To make it possible to end recessions quickly and to end inflation forever, a government needs to take the following steps:
- Establish official government-sanctioned electronic money in a way that makes the use of electronic money as convenient and seamless as possible. This involves setting the stage for private innovation in electronic payment systems by giving full legal tender status to electronic money in all government-insured bank accounts and in other accounts that are officially certified as backed 100 percent by reserves held at the central bank.
- Dethrone paper currency from the exalted legal status it was given (very controversially) in the late 19th century, by giving anyone, at any time, the right to refuse payment in paper currency, unless a contract explicitly calls for payment in paper currency. Further demote paper currency by abolishing the guarantee that a paper dollar (or euro, or yen, or pound) will always be worth the same amount as an electronic dollar. But make sure that it is easy for people to convert paper currency into electronic form and vice versa.
- Search in the nooks and crannies of the legal code and government agency regulations and policies for places where it is assumed that interest rates are always zero or positive or where it is assumed that paper currency has a special status—and root those assumptions out. (For example, make it clear that people can’t show up with suitcases full of hundred-dollar bills to settle their taxes.) Encourage businesses to do the same with their business plans and their accounting.
- Give the central bank the authority to make interest rates negative, including making the interest rate on paper currency negative when necessary, by using the fact that a paper dollar is no longer guaranteed to be worth the same amount as an electronic dollar.
- Require the central bank to bring its inflation target down to zero over the course of 15 years and to forever afterward keep the value of a dollar in terms of goods and services within an unchanging narrow band. This should be revised only when necessary to take into account improved ways of measuring the value of a dollar (or euro or yen or pound).

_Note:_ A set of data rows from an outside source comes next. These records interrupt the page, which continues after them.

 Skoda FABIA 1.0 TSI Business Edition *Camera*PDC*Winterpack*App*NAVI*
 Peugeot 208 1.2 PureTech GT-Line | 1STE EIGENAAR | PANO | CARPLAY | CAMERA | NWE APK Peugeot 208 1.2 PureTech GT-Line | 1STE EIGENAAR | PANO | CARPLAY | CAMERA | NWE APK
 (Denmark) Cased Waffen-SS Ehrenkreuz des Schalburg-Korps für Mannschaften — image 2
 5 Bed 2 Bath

It has become traditional for U.S. Treasury secretaries to periodically repeat the mantra that “a strong dollar is in our nation’s interest.” I would add one word to the mantra: “A strong electronic dollar is in our nation’s interest.” A strong electronic dollar is one that works smoothly in transactions, empowers monetary policy to bring a speedy end to recessions, and keeps its value over time with no concessions to inflation.

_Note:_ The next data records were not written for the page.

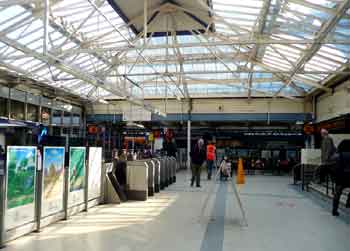 Richmond station London circulating area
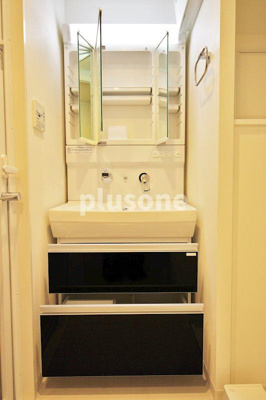 【洗面所】 | ウルバーノイリス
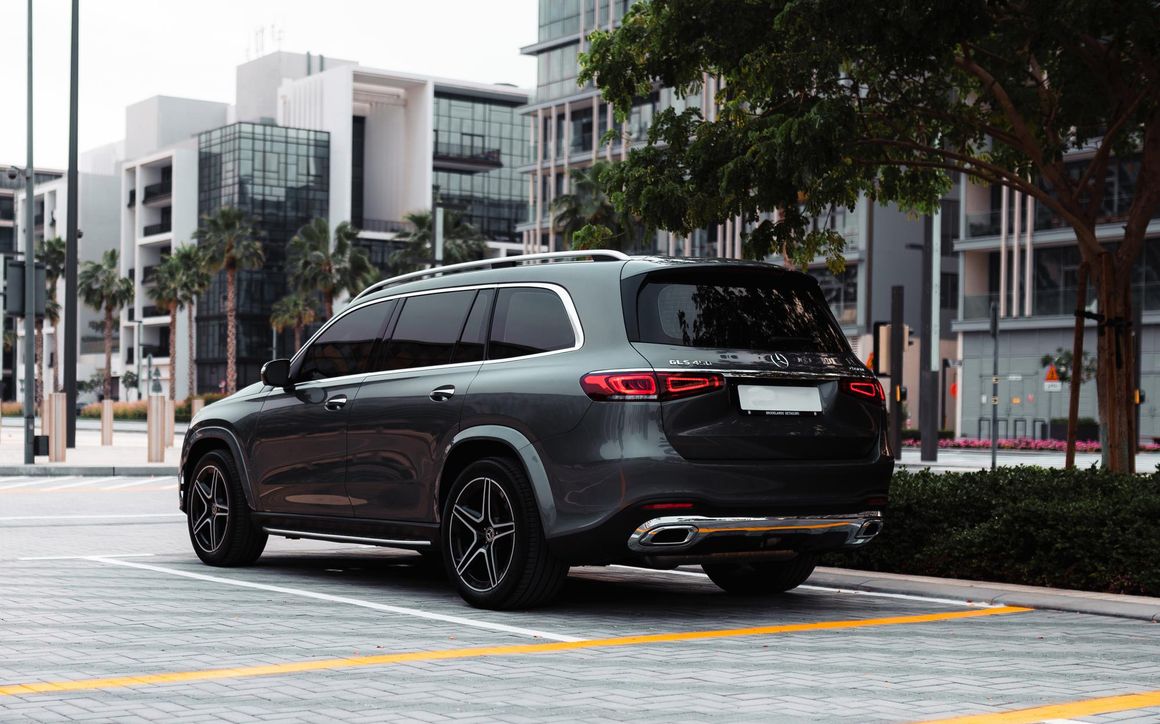 MERCEDES GLS - image 3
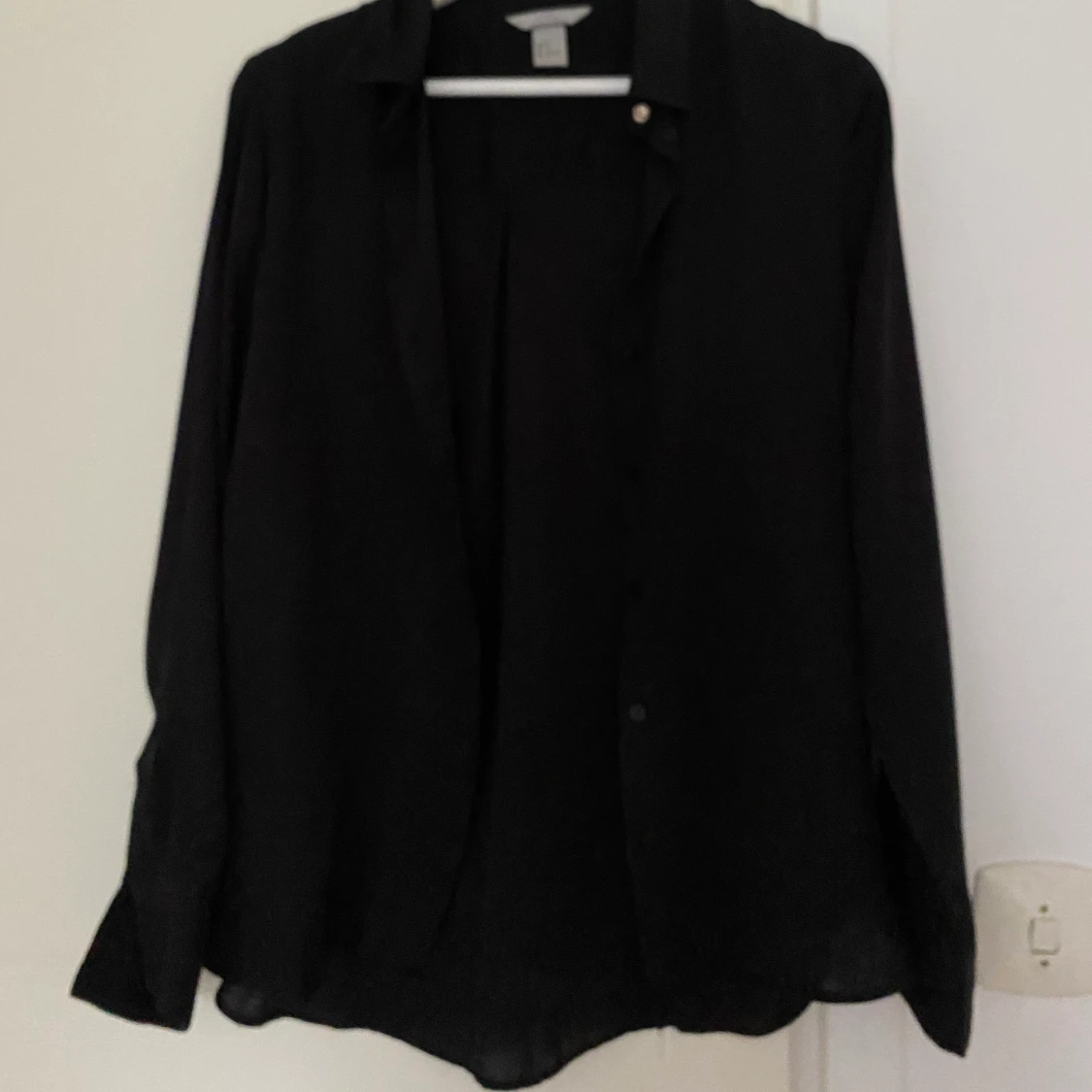 Svart silkig skjorta fr hm strl 34 - 91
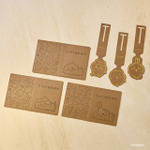 『ちいかわ』パスポートケース、レザー風ストラップ（C）nagano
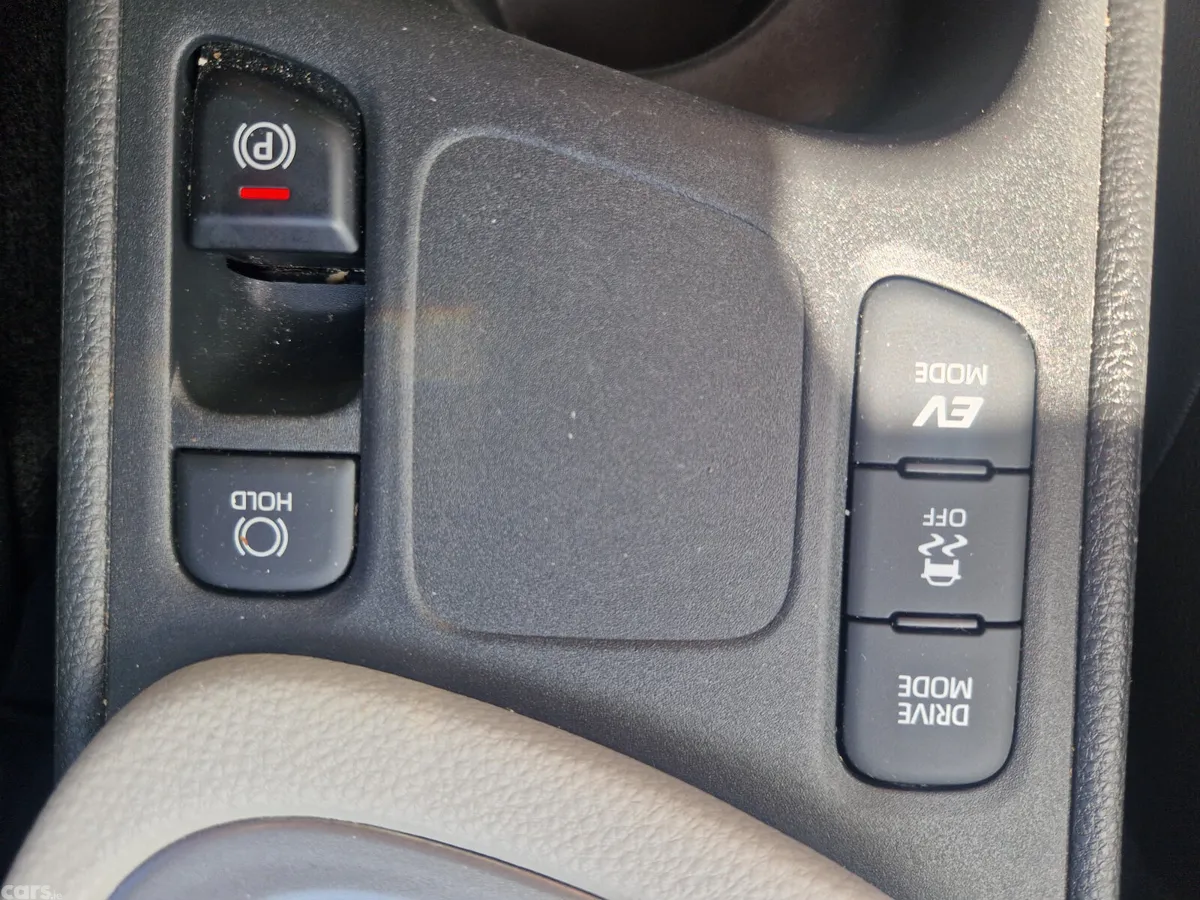 Toyota Yaris Hatchback, Petrol Hybrid, 2021, Red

The path to a strong electronic dollar will require bureaucratic and political fortitude. But the economic principles involved are clear. The rewards at the end of that path—the taming of the business cycle and the end of inflation—insure that some nation will blaze that trail. (My bet is on the United Kingdom.) Then the rest of the advanced nations will follow.

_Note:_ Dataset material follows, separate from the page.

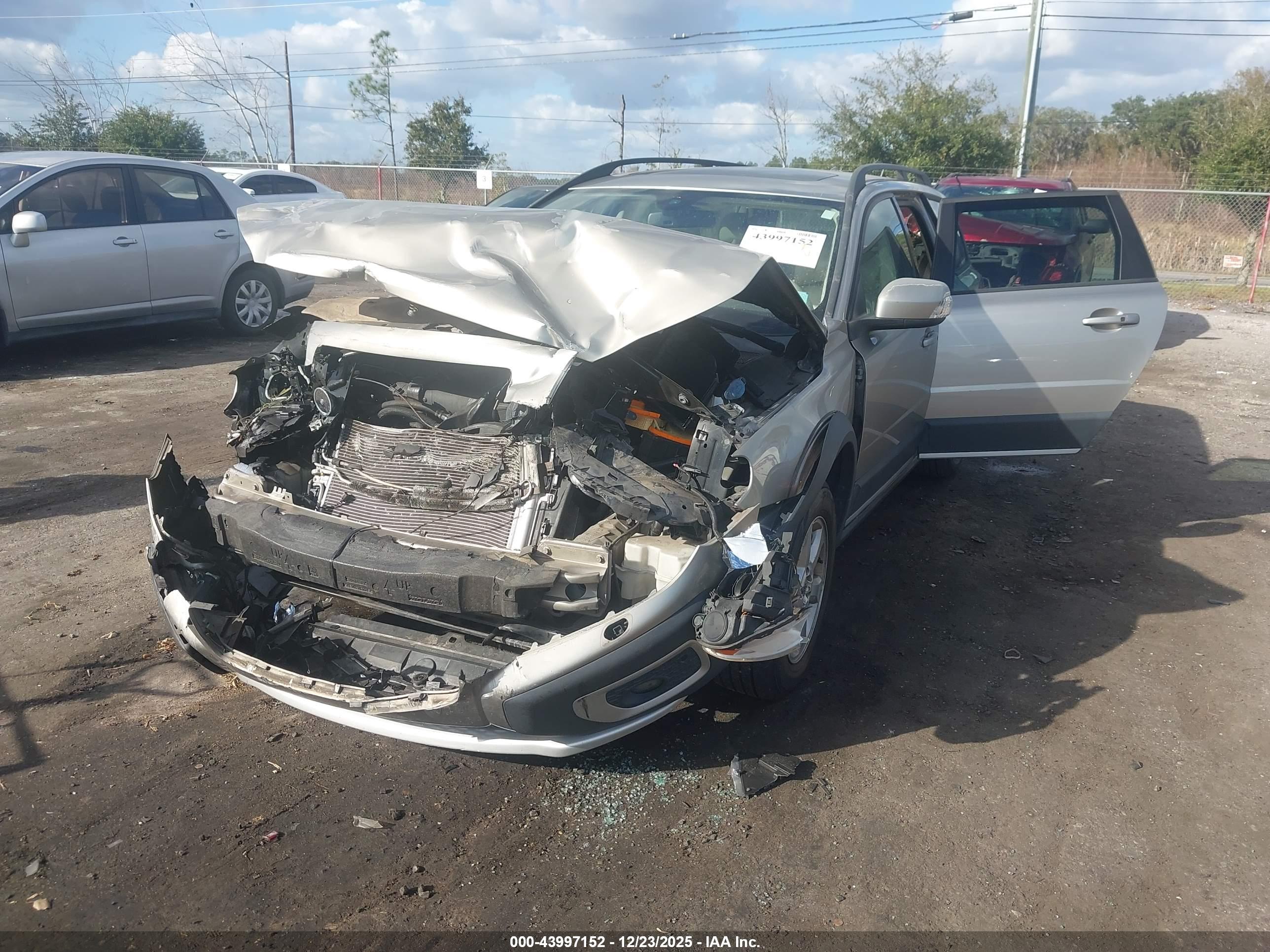 VOLVO XC70 image 6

But make no mistake: Giving electronic money the role that undeserving paper money now holds will only tame the business cycle and end inflation. Fostering long-run economic growth, dealing with inequality, and establishing peace on a war-torn planet will remain just as challenging as they are now. But every time one set of problems is solved, it allows us to focus our attention more clearly on the remaining problems. It is time to step up to that next level.